JS: "Gimme The Light" was a big part of weed culture. It was all about smoking and having a great time. 20 years later, how do you remember the song?
SP: It’s still a hot song. That just proves the music. I remember the producer, he was based out of Miami, he asked me, ‘How much are you gonna charge me to voice a rhythm?’ I was like, ‘$1,000 USD,’ but he only had $800. He was about to leave to go back to Miami, but I really needed that eight bills, so we went into the studio.
JS: Wow, $200 almost lost us that track?!

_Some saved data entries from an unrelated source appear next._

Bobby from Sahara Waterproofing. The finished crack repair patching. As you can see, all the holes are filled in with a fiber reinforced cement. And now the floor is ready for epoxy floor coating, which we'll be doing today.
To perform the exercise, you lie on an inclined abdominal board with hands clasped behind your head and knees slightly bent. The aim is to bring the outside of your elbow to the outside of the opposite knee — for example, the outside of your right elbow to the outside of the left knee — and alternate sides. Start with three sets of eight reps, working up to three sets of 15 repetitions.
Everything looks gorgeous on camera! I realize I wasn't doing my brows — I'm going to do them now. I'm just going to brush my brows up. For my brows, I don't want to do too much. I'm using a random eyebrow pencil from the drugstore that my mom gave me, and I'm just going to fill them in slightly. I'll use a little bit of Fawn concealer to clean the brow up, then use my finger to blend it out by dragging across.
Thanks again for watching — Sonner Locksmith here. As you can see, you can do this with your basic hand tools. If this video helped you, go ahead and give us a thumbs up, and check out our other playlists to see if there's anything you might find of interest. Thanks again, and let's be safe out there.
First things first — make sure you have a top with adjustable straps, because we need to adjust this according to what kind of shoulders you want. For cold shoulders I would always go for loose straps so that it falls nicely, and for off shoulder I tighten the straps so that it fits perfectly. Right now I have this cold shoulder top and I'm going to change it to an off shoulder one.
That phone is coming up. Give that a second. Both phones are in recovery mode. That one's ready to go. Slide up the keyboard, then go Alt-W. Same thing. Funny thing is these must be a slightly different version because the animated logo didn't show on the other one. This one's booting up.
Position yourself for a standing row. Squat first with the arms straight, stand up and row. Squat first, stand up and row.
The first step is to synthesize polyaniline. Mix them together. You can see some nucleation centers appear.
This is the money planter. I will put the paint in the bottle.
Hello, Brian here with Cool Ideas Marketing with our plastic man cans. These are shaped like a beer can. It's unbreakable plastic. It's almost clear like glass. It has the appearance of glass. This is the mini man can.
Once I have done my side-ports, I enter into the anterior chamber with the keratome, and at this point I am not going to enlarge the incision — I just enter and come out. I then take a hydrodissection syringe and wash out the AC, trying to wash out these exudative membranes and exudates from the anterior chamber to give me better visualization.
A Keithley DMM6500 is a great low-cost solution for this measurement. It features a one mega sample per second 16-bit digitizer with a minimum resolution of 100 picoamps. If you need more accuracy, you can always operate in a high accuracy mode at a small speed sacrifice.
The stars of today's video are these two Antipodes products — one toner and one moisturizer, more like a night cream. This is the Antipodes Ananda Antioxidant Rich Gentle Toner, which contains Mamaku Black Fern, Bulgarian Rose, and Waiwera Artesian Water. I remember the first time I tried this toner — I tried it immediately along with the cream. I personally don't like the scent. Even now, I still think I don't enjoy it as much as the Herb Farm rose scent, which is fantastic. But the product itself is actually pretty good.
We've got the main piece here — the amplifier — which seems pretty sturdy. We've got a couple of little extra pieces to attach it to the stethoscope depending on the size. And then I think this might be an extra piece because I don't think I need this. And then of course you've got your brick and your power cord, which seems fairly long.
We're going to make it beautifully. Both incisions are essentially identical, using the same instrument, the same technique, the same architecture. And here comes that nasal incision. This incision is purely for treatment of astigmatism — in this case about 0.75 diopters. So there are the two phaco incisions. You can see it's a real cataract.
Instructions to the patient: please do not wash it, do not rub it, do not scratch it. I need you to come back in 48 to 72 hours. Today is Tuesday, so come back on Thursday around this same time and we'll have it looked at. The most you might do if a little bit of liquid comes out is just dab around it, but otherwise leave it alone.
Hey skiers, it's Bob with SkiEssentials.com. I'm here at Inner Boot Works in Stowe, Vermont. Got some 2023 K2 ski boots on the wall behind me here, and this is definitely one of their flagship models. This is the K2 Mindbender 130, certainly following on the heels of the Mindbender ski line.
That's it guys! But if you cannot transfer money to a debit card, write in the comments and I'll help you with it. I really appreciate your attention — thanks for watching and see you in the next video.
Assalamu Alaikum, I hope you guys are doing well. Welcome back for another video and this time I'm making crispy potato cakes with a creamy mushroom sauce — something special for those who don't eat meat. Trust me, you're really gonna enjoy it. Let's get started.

SP: I didn’t know what I was going to sing about. At the time, I had a big fan base in Manhattan. I went there every Thursday and Friday. In Jamaica, we weren't busting bottles of Moet, we would buy a crate of Guinness and put it on the ground. And I was like, ‘You know what? I don't have lyrics to spit, I'm going to talk about that.’ So, I was just freestyling ‘Just gimme the light and pass the dro, bust anotha bokkle of Moe.’ I was talking about last weekend in Manhattan. I just thought the song was something I was gonna make money off, then it would disappear. And here we are 20 years later. I have quite a few songs like that. Dope.